Sometimes the simplest questions are also the most profound.

“Why object storage?

Why?” As any parent knows, or as anyone who spends time with children knows, answering a child’s “Why?  Why? Why?” questions can be frustrating but also insightful.  Sometimes the answer is clear and the child truly doesn’t understand or doesn’t want to understand, “You need to go to bed because if you don’t, you’ll be tired and cranky in the morning for school.”
Why-Object
The insights come when the answers reveal that the true reason is “You need to do this because this is the way I did it, and I haven’t realized that times and technologies have changed.”  I fell into this trap recently with my high school-aged son, who demanded to know why I insisted that he lug his textbooks with him on a trip last weekend to study for his midterms.  After I calmed down and began to listen, he explained how all the practice problems were online, as well as the study guides, which he would access from his iPad.  To his credit, he studied very effectively the whole weekend without one single textbook along.

As we move to rethink storage, we need to ask ourselves the same question – why are we doing things the way we are?  Are there truly good reasons which still apply, or do we need a fresh perspective –untainted by legacy technologies — to realize that there is a better way?

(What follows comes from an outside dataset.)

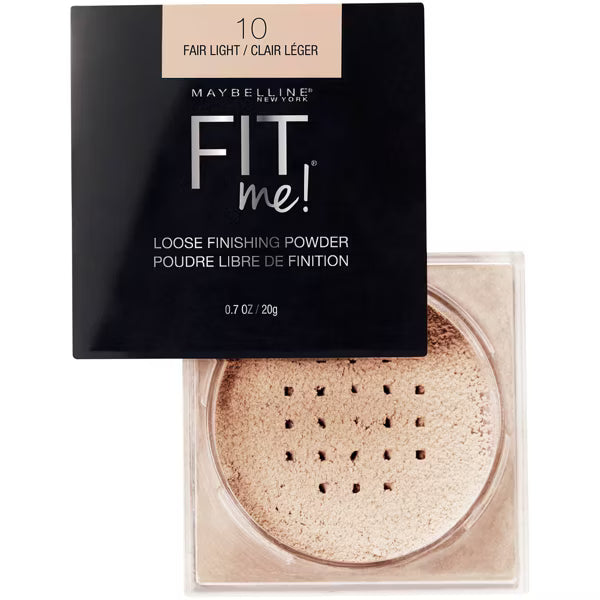 Fit Me Loose Finishing Powder -20g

Block and file based storage systems have been the workhorse of the data center for decades.  Highly efficient, these systems are tuned to deliver maximum performance from the drives, leveraging in-memory caches on both the storage server and on the client to optimize the access to data and to minimize the time wasted on slow network transfers of data.  Data sharing is difficult and requires complex logic, typically at the application level, due to the rapid update rate of the data and due to a desire to not interfere with a system specifically tuned for data update, throughput, and rapid responses.  Such systems became the backbone of stock trading systems, recording credit card transactions, recording financial transactions, and uses far beyond these such as recording medical exam results and patient records, enabling video editing and computer animation, and far more.But analyzing the prior paragraph with an eye on the question of “Why?”, something doesn’t add up.  Why do we need to avoid the network, when 1Gb and 10Gb networks allow far faster data transfers than is possible from any spinning media?  Why do we tune for rapid transaction responses, when MRI or other medical systems may only be generating 100s of images per day?  Why is data sharing achieved via complex application level coordination, and not within the storage system, when my primary care and specialist doctors may view the medical image, when teams of animators are working together on a single video, or, in this age of social media, when thousands to millions are accessing the latest music, watching the latest movie trailers, and the like?

Technology has changed dramatically since the design of block and file based systems.  Multi-core CPUs are far more powerful and we can implement complex algorithms inside the storage system to manage shared access by applications.  These same CPUs, together with fast, low latency networks, have enabled high-scale distributed systems that can scale out and provide far greater processing power than traditional systems.  The center of tuning has changed from avoiding the network to avoiding the disk.

Object storage systems are designed around these principles, optimizing for the state of the world today. The typical user is accessing or updating data from a laptop, a tablet, or a mobile, where the throughput to an individual device is relatively modest, constrained by the wireless or cellular network, but where the aggregate bandwidth across multiple users can be staggering.  Object systems are optimized to simultaneously transfer data to many such users, not only the ~50 students in the two sections of my son’s class, but to the hundreds to thousands of students in my town (and the neighboring towns) who are all studying for their own midterms.

Could traditional systems be used to address this same issue?  With enough custom software, and with enough custom code on the client machines, with support for all the different iOS and Android and Windows versions, and with the software distribution and maintenance associated, the problem could be addressed.  The question is, “why?”

To that end, perhaps the question we should be asking is not “Why object storage”, but “Why block and/or file storage?”  What insights would that lead to in your own environment?